### TRY IT
Which lines below fall between the one containing "Enlarge Chompers, a" and the one containing "Rhagonycha fulva"? Repeat them exactly, counting both of those lines, and add nothing else.

### RECORDS FOR THE EXERCISE
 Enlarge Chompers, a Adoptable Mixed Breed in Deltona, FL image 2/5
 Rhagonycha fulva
--
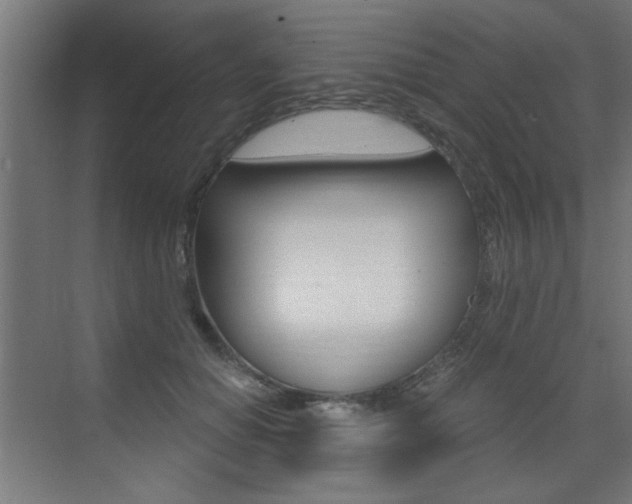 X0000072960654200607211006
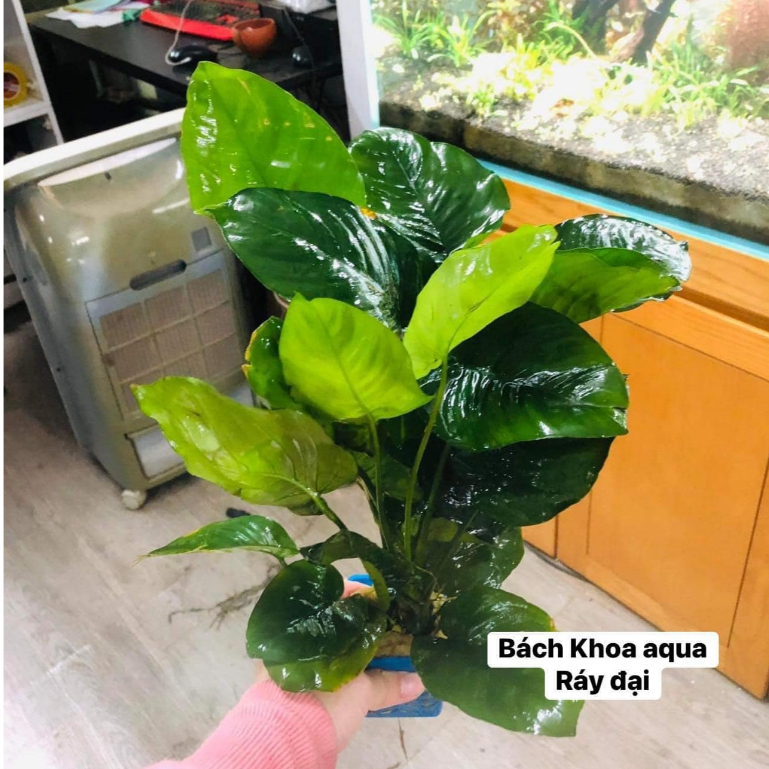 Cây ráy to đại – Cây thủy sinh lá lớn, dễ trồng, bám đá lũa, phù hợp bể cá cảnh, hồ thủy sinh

### RESPONSE BOX
 Enlarge Chompers, a Adoptable Mixed Breed in Deltona, FL image 2/5
 Rhagonycha fulva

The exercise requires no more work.